Solomon Islands forum to hear voices of conciliation

1 JANUARY 2003

The Prime Minister John Howard flies to Fiji today for the Pacific Islands Forum, and once again the Solomon Islands is expected to be the focus of discussion. While relations between Australia and the Solomons becomes increasingly more strained, a CSU PhD student, Cliff Bird, described as “one of the prime intellectuals of the country” is preparing to address a Solomon leadership forum on conflict resolution.

The Pacific Islands Forum prepares to meet in Fiji today, and once again the Solomon Islands is expected to be the focus of discussion.
Relations between Australia and the Solomons have been strained since the election of Solomons Prime Minister Manasseh Sogavare in May. More recently, Sogavare expelled Australian High Commissioner Patrick Cole, and refused to hand over the fugitive Moti, who is wanted in Australia on child sex charges.
Sogavare also recently threatened to review legislation that enables the Australian-led Regional Assistance Mission in Solomon Islands (RAMSI) to operate there. A new Australian chief for RAMSI was announced late last week.
In turn, Prime Minister John Howard says he will request that Australian aid to Pacific nations be linked to improved standards of governance and a better approach to economic development.

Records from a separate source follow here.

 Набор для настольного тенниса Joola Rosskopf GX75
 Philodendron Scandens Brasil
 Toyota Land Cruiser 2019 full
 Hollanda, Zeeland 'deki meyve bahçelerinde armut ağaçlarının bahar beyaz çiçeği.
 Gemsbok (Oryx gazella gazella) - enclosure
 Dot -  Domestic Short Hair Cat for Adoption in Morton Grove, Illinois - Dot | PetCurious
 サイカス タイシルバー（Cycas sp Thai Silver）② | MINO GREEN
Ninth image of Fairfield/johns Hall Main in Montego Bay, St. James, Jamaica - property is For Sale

Reverend Professor James Haire is one of the world’s leading scholars and promoters of interfaith dialogue in the Australasia-Pacific region. He is Executive Director of the Australian Centre for Christianity and Culture (ACC&C) at Charles Sturt University’s (CSU) Canberra Campus. From his monitoring of the situation in the Solomons he says it is slowly improving.
“The situation is getting a little better, but it is not awfully good. The political situation is difficult because the Prime Minister, who initially was very keen on RAMSI, has threatened to throw the Australians out, and Australian Federal Police make up a very large proportion of the police in RAMSI.

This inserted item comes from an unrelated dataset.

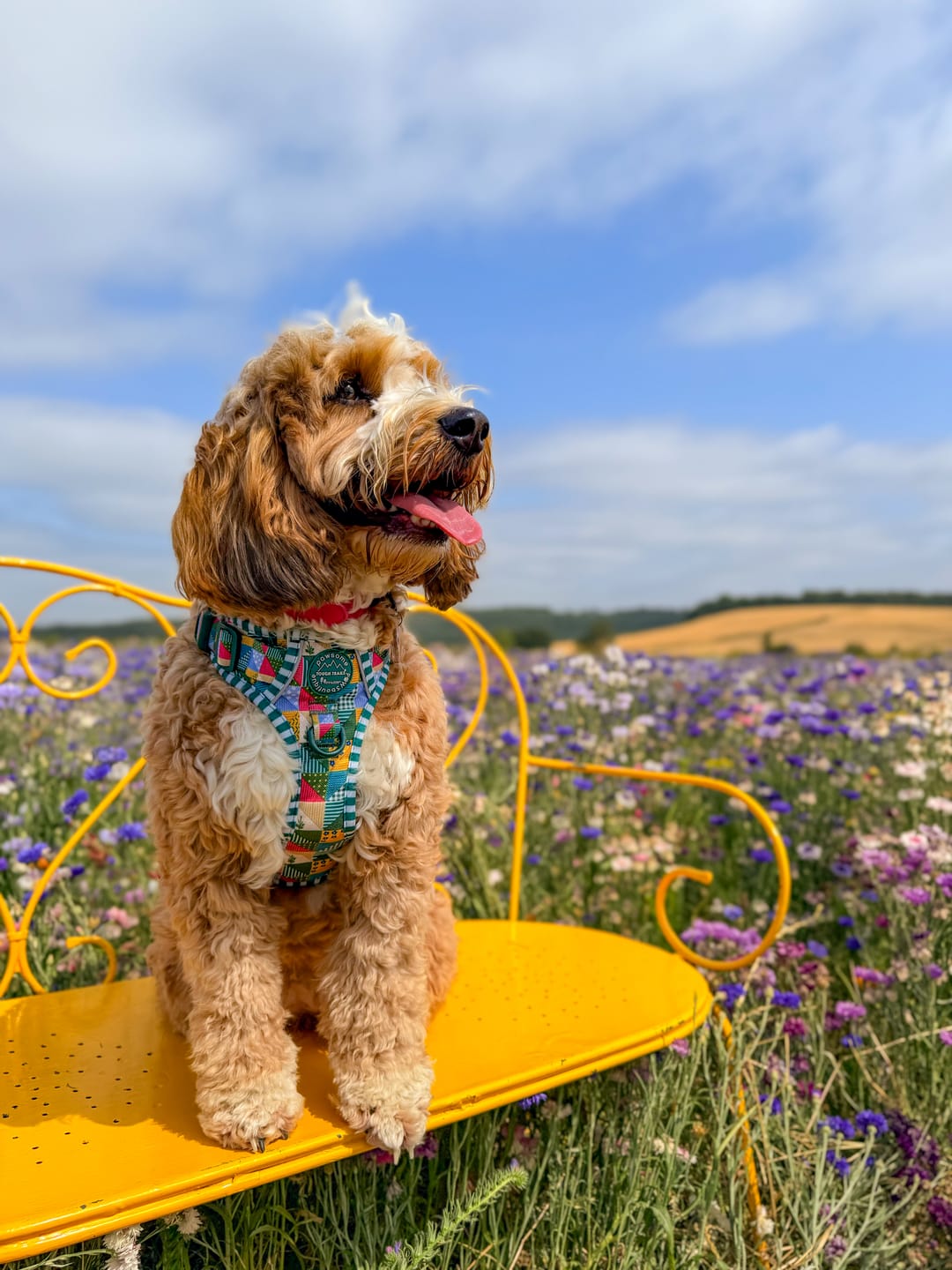 Customer photo review of Tough Trails™ Harness -  Patchwork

“Efforts are being made however to start the healing and rebuilding of the Solomon Islands as a nation.”
Professor Haire is referring to a national forum on leadership which is being held in the Solomon Islands from 1-2 November.
“In the midst of the unrest, it is very important that the Solomons have this discussion, this forum on the future of the country, and I think it is very significant that one of our PhD students is one of the keynote speakers.
“Cliff Bird’s PhD thesis is on Land and Theology in the Solomons. For that reason it involves the whole issue of conflict and conflict resolution. He is one of the prime intellectuals of the country, and knows a tremendous amount about the anthropology of the Solomons and is probably their finest theologian.”
Mr Bird says the forum will include about 300 leaders from all sectors and levels nationwide. “The other three speakers are our Chief Justice, and two other members of the academic community.
“I am looking forward to this timely and crucial forum.”